Critique : Rustler

Parodier l’une des séries de jeux vidéo les plus populaires de tous les temps est ni plus ni moins ce que propose Rustler. Une simulation de vie médiévale de voleur de chevaux développée sous Unity ? Peu y avaient songé, mais le studio Jutsu Games s’est lancé dans cette production aussi atypique qu’hilarante, pour le plaisir des amateurs d’humour gras ou de références aux Monty Python. Pourquoi ce titre est-il réussi malgré ses nombreux défauts ? Explications dans les lignes qui suivent.

Lors d’une vidéo d’introduction filmée en live – ça ne s’invente pas – et montée à la manière d’une séquence de Grand Theft Auto, on entre dans le vif du sujet : Guy, voleur de chevaux aux allures de skinhead (ou du personnage principal de Bully, autre production des studios Rockstar) évolue dans un contexte médiéval avec tout ce que cela implique, sans pour autant oublier les références cinématographiques ou au monde moderne. 

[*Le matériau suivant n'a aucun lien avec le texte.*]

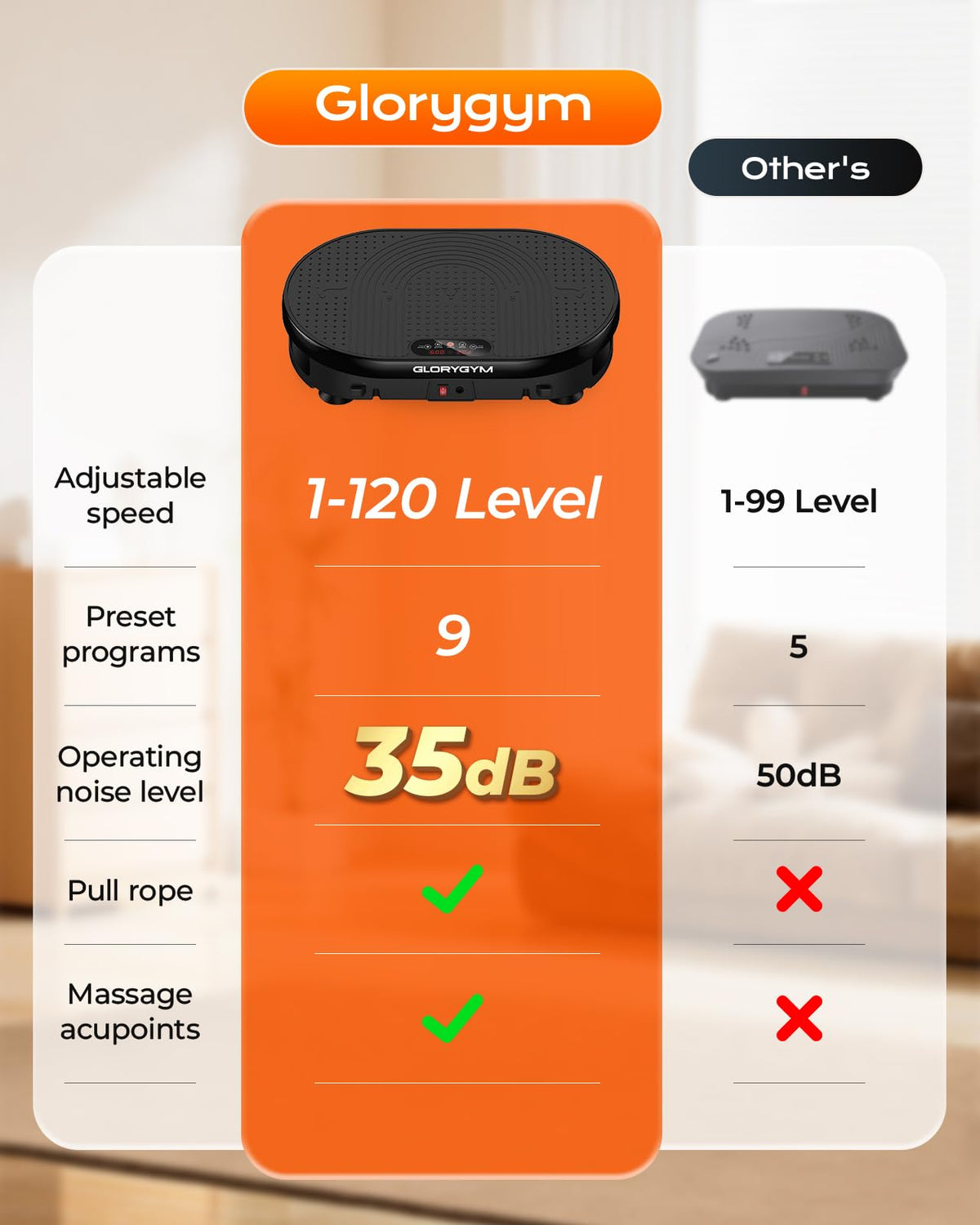 Vibration Plate Exercise Machine with Resistance Bands O534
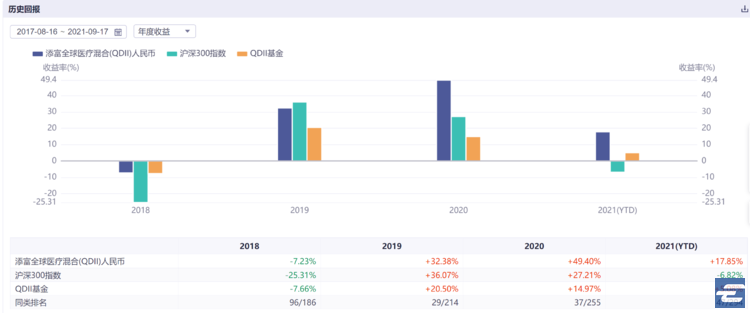 医药基金批量哑火，为何这只医药基金年内斩获超 40% 收益？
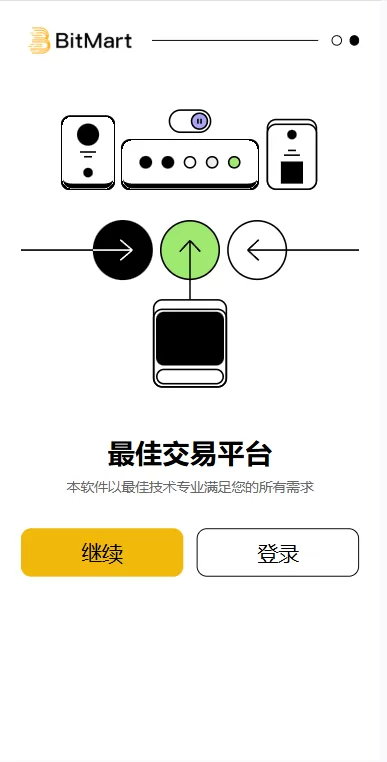 图片[1]-海外DAPP交易所系统/交割合约/永续合约/K线控制/模拟账户 - 海外源码商-海外源码商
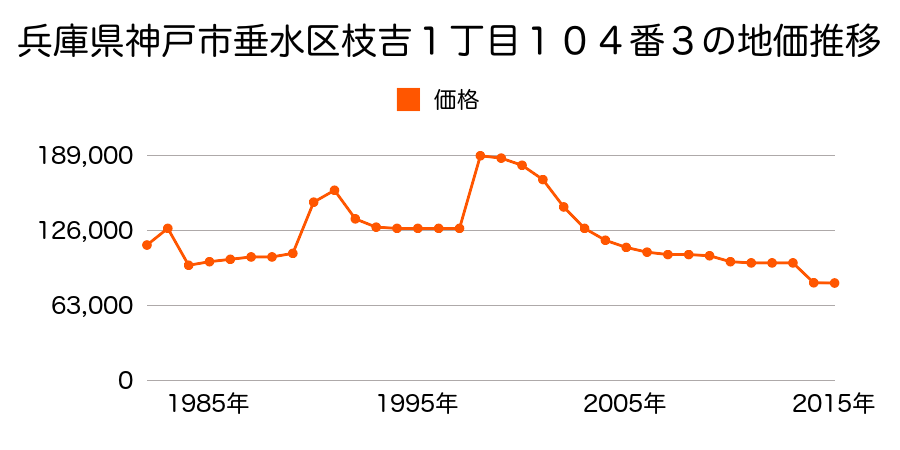 兵庫県神戸市垂水区塩屋町９丁目７９０番５の地価推移のグラフ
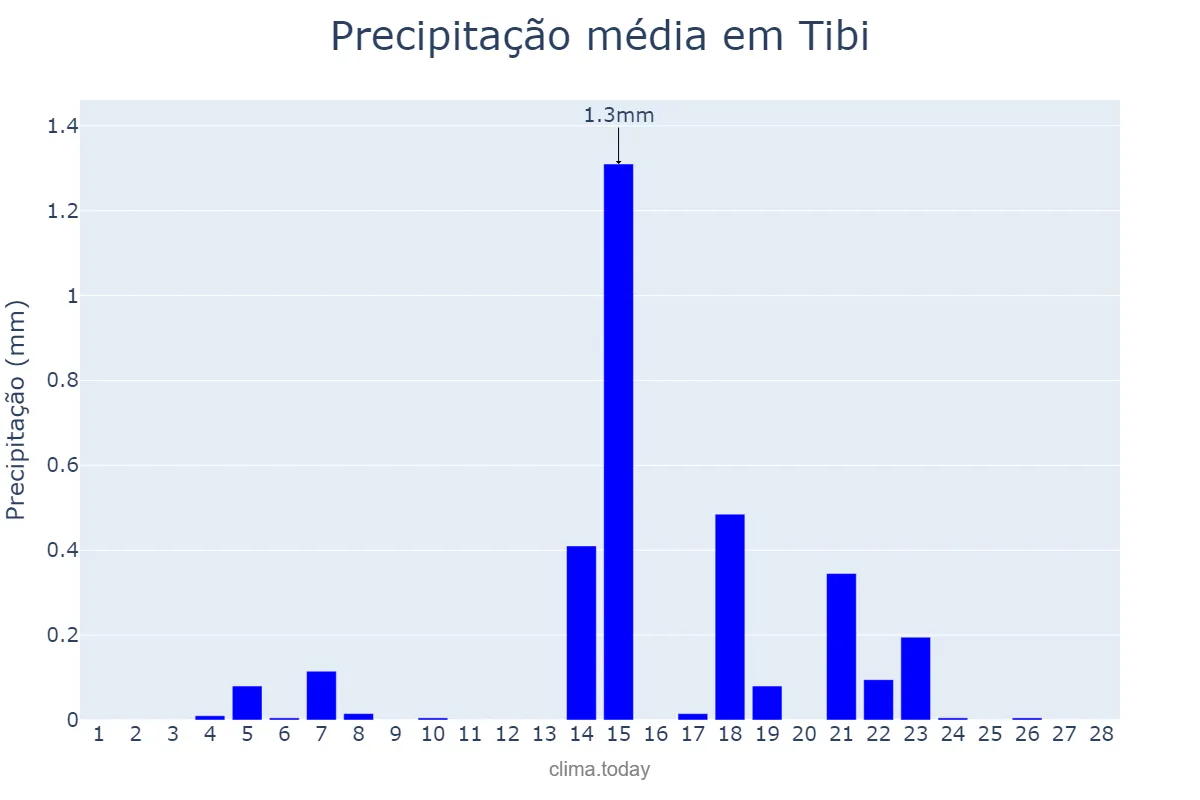 Precipitação em fevereiro em Tibi, Valencia, ES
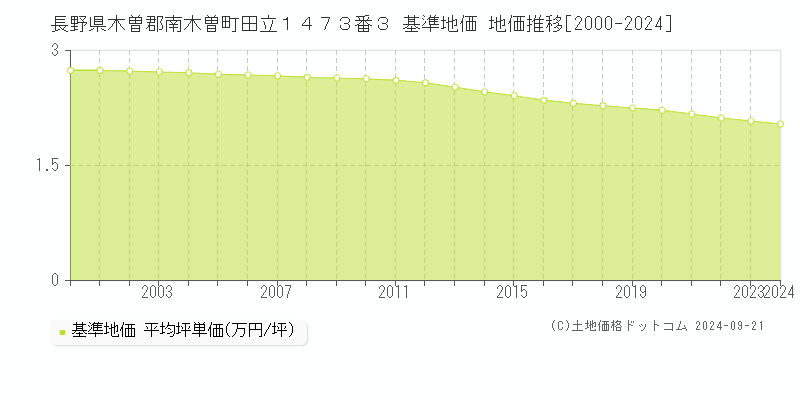 長野県木曽郡南木曽町田立１４７３番３ 基準地価 地価推移[2000-2024]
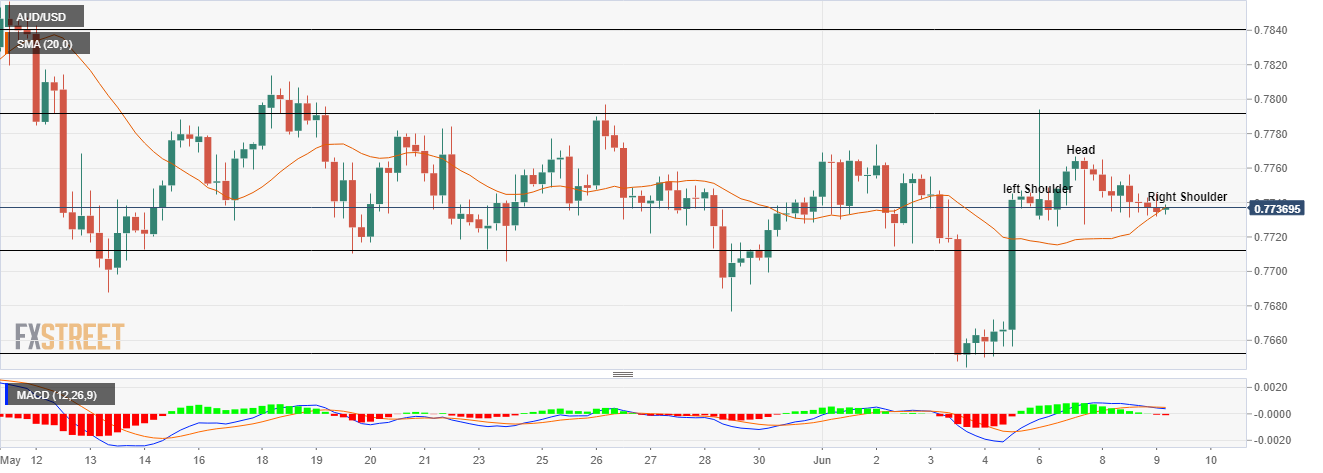 Grafik AUD/USD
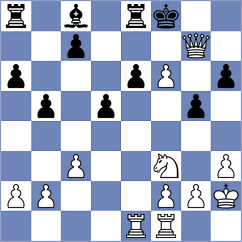 Bharathi Mugilan - Milovic (Tornelo INT, 2020)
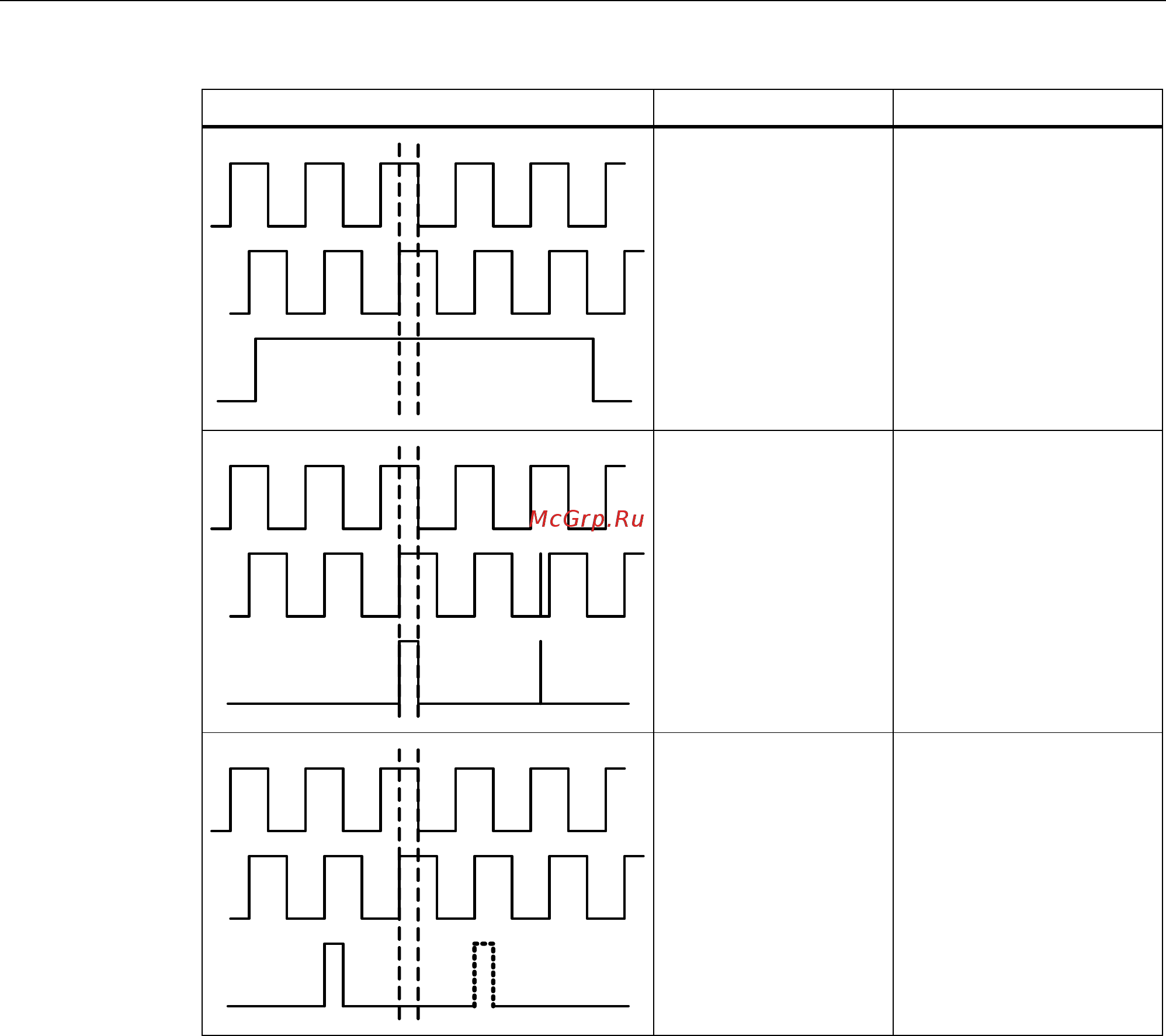 Siemens 6SL3710-7LE37-5AAх [501/732] Функции привода 9 функции привода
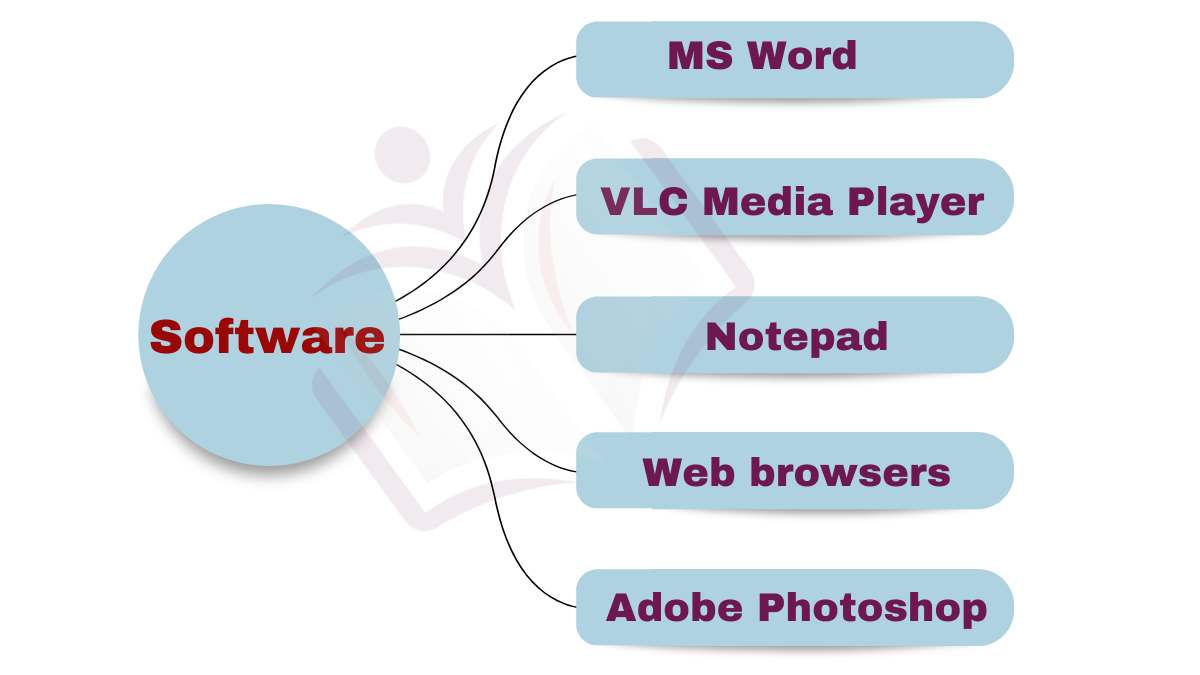 image showing the different software name
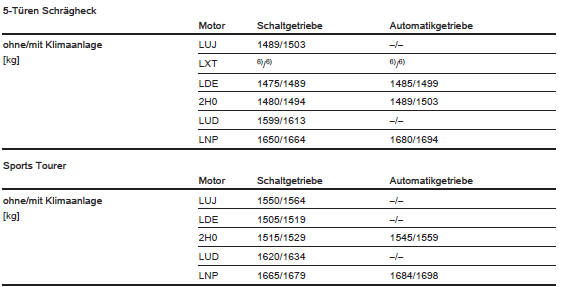 6) Wert lag bei Drucklegung nicht vor.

“Maintenant où est ce putain de Graal ?”

Ce décalage humoristique crée bien entendu des situations absolument hilarantes, comme une écriture de dialogues plus proche des paroles d’un morceau de Suprême NTM que d’un véritable langage médiéval châtié. Les doublages sont des grognements enregistrés, les “putain” émis par les divers preux chevaliers parsemant ce petit open world fusent à tout va, et on en redemande !  Les situations humoristiques ne sont pas en reste, comme ces divers déguisements (la Mort, une prostituée) à enfiler ou ces quêtes demandées par des curés sans foi ni loi, ou encore ce chevalier du Graal qui perd ses membres en combattant. 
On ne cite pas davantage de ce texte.